Perceptual Science Group @ MIT

Visual Search

Ruth Rosenholtz

Visual Search


In scientific thought we adopt the simplest theory which will explain all the facts under consideration and enable us to predict new facts of the same kind. The catch in this criterion lies in the word ‘simplest’. It is really an aesthetic canon such as we find implicit in our criticisms of poetry or painting.

John Burdon Sanderson Haldane Possible Worlds (1927): Science and Theology as Art-Forms

Theories of Visual Search: The Old and the New

My lab’s work on visual search predominantly addresses visual aspects of search: can we predict, based on the visual characteristics of the display, how easy search will be? We aim to see how well one can do with a simple model of critical visual processing stages, coupled with ideal or semi-ideal (ideal + limits) decision stages. 

Below are descriptions of three “generations” of research into visual search in my lab. The first section describes our current view of search, based on recent research in the lab on peripheral vision, particularly crowding. The second and third sections describe older work in the lab: the Statistical Saliency Model, which postulated that the visual system had an interest in detecting and quickly examining outliers; and my cautionary tale that one should not make too much of search asymmetries, because it is tricky to ensure that one’s experimental design did not asymmetrically give an advantage to some search conditions over others. 

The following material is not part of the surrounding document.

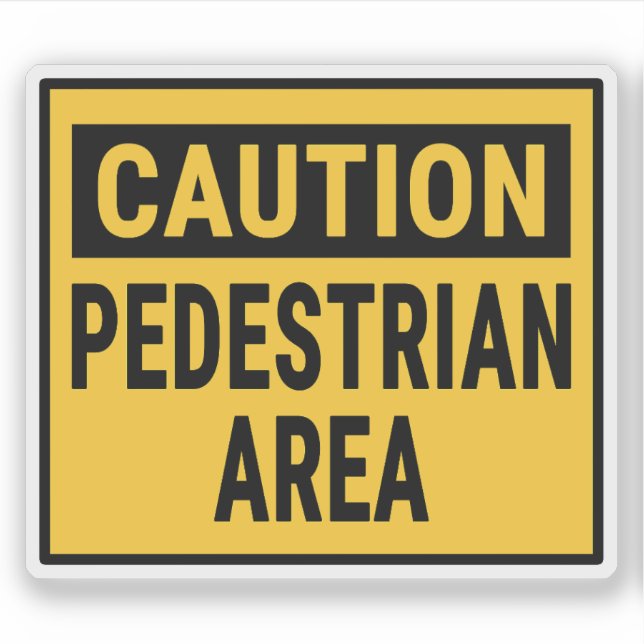 Caution Pedestrian Area (Front)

THIS PAGE UNDER CONSTRUCTION

Visual Search: Strengths and Limitations of Peripheral Vision, or Presence/Absence of Basic Features?

Intriguingly, search is sometimes difficult even when an observer can clearly distinguish the search target from the other items in the display, known as “distractors”. For example, search for a randomly oriented T among randomly oriented Ls is difficult (Wolfe, Cave, & Franzel, 1989), even though we can easily tell an individual T from an L. Similarly, search for a target defined by a conjunction of features – such as a white vertical bar among black verticals and white horizontals – is difficult relative to a “feature” search for a horizontal bar among verticals, or for a white bar among black (Treisman & Gelade, 1980; Treisman & Schmidt, 1982). These phenomena imply that vision is not the same everywhere. If it were, the easy discriminability of a focal target and distractor pair should lead to easy search. 

In what way is vision not the same everywhere? Popular models of search have focused on potential differences between attended and unattended vision. This includes not only theories such as the seminal Feature Integration Theory (Treisman & Gelade, 1980), and later Guided Search (Wolfe, 1994), but is also at least implicit in many other theories of search (e.g. Itti et al, 1998; Rosenholtz, 1999; Li, 2002; Torralba et al, 2006; Zhang et al, 2008). According to such theories, unattended vision has access only to “basic features” like orientation, color, and motion. Therefore, a key factor determining task difficulty consists of whether or not the search target contains a “basic feature” not found in the distractors. 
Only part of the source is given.